Dimensionality reduction is essential for high‑dimensional data analysis, yet traditional FDA struggles with multimodal classes while LPP handles multimodality but ignores labels, motivating a supervised approach that preserves both class separability and local structure. This study introduces local Fisher discriminant analysis (LFDA), a linear supervised dimensionality‑reduction technique that merges FDA and LPP concepts. LFDA derives an analytic embedding via a generalized eigenvalue problem and can be extended to nonlinear settings using the kernel trick. Extensive simulations show that LFDA offers practical scalability and improved performance in data visualization and classification tasks.

Abstract

Reducing the dimensionality of data without losing intrinsic information is an important preprocessing step in high-dimensional data analysis. Fisher discriminant analysis (FDA) is a traditional technique for supervised dimensionality reduction, but it tends to give undesired results if samples in a class are multimodal.
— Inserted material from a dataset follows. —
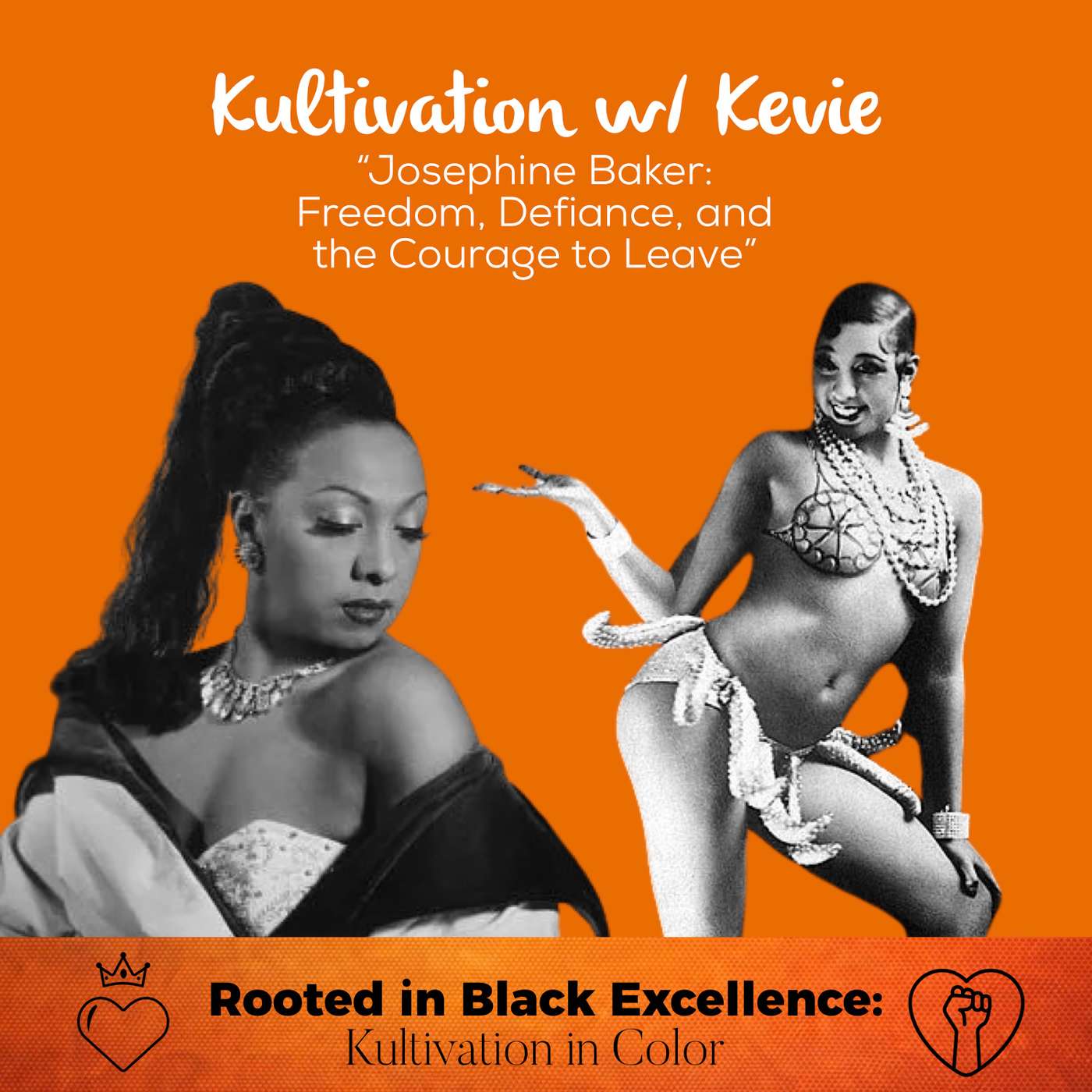 Josephine Baker: Freedom, Defiance, and the Courage to Leave | Rooted in Black Excellence: Kultivation in Color — Black History Month Limited Series | Ep. 2 episode artwork
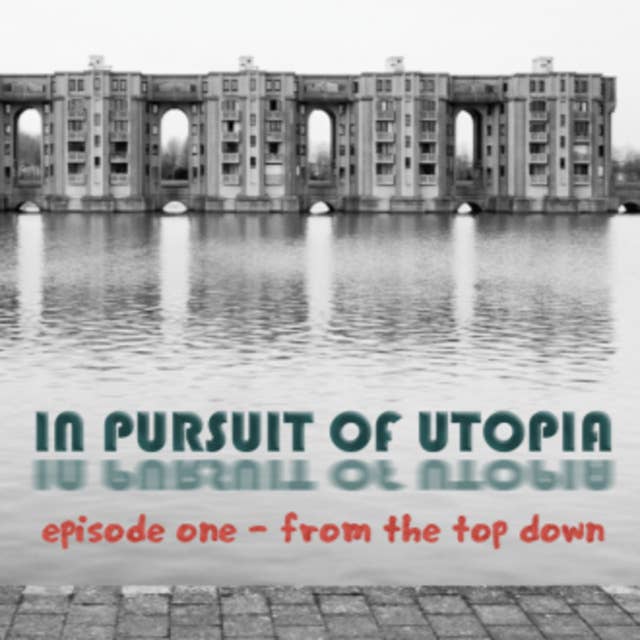 [BONUS] In Pursuit of Utopia #1: From the Top Down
An unsupervised dimensionality reduction method called locality-preserving projection (LPP) can work well with multimodal data due to its locality preserving property. However, since LPP does not take the label information into account, it is not necessarily useful in supervised learning scenarios. In this paper, we propose a new linear supervised dimensionality reduction method called local Fisher discriminant analysis (LFDA), which effectively combines the ideas of FDA and LPP. LFDA has an analytic form of the embedding transformation and the solution can be easily computed just by solving a generalized eigenvalue problem. We demonstrate the practical usefulness and high scalability of the LFDA method in data visualization and classification tasks through extensive simulation studies. We also show that LFDA can be extended to non-linear dimensionality reduction scenarios by applying the kernel trick.